O’Connor was eager to exploit the contradiction. But Radiwker stopped him cold. “That was not true ,” she snapped back. “It was my job to show the witnesses these photographs. That’s what I did.” The interpreter had mistranslated, she said.
Radiwker’s explanation was more than plausible. Simultaneous courtroom translations were always a problem, as the Jerusalem trial itself illustrated. The proceedings were conducted in Hebrew with witnesses testifying in Hebrew, German, English, Dutch, and Ukrainian. Levin was constantly telling attorneys and witnesses alike to slow down, to wait for the translation. And witnesses were frequently confused by imprecisely translated questions.
O’Connor next questioned Radiwker about who had supplied the background information on each of the names the INS sent the Israeli police for investigation. It was an obvious gimmick to sneak the KGB into the courtroom.

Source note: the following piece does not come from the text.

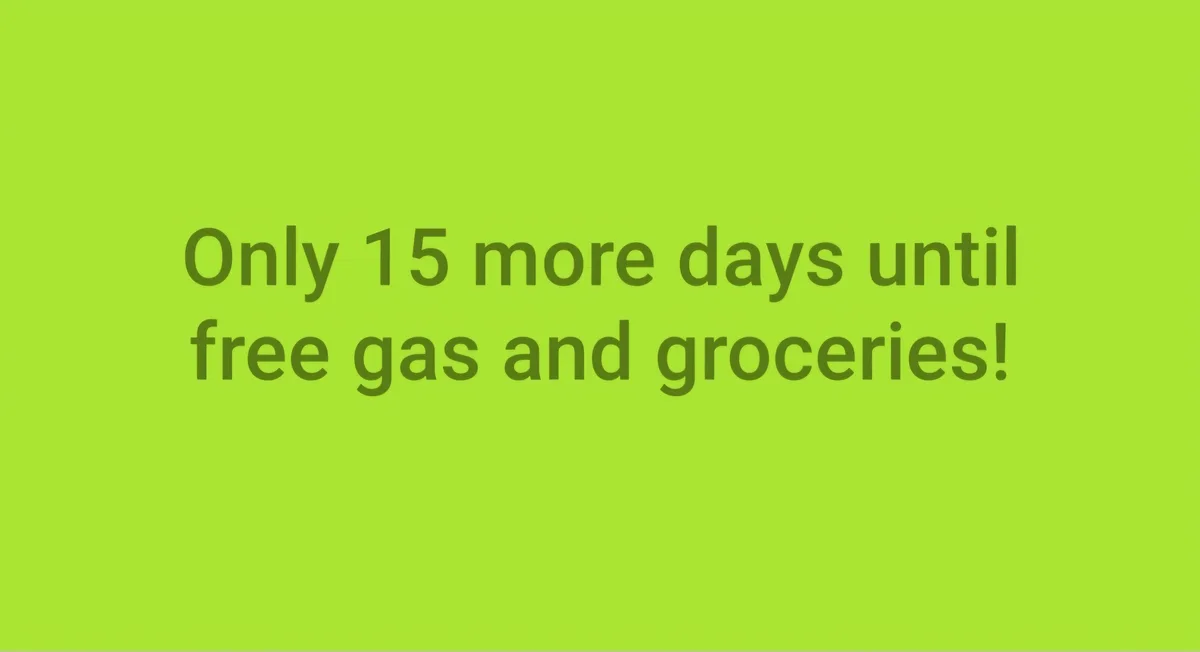 A solid lime green background features dark olive green text centered in two lines. The text reads 'Only 15 more days until…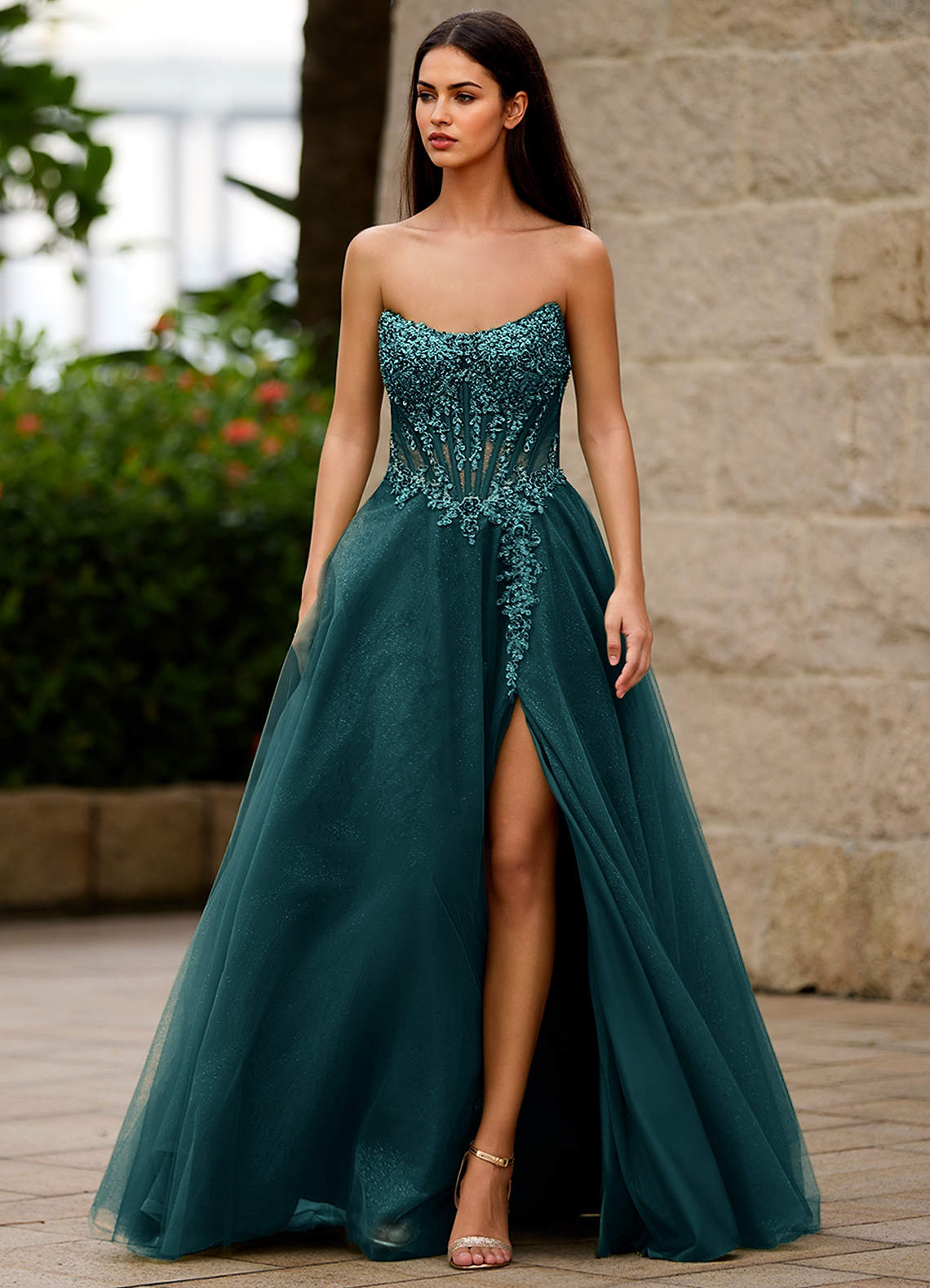 Brilliance Dark Green Glitter Prom Dress image1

“Do you know what the origin of that information was?” O’Connor asked. “Did it come from sources in the United States or did it come from sources in the Soviet Union?”
“I don’t know,” Radiwker said. “I don’t know where the Americans got their information.”
“At any time in 1976, or subsequent to 1976, did it come to your attention, ma’am, that the charges related to [Demjanjuk] came from the Soviet Union?”
“I had no information about any connection with Russia or any information that might have come from Russia.”
The mouse had the cat in a corner. O’Connor had failed to prove that Radiwker arranged the faulty photo spread, was biased because she knew about Demjanjuk before she got the assignment to investigate the nine alleged Nazi collaborators on the INS list, or heard about the Soviet-supplied Trawniki card. He didn’t have many moves left.
“When you took [their statements],” he asked, “they were not taken down by means of an electronic device such as a tape recorder?”
“We were not so sophisticated yet.”
O’Connor had finally scored a point. In 1976, the tape recorder was a common tool in criminal investigations around the world. By failing to use one in their investigation of alleged war criminals who might stand trial one day, the Israeli police showed themselves to be either amateurs, careless, or penny pinchers.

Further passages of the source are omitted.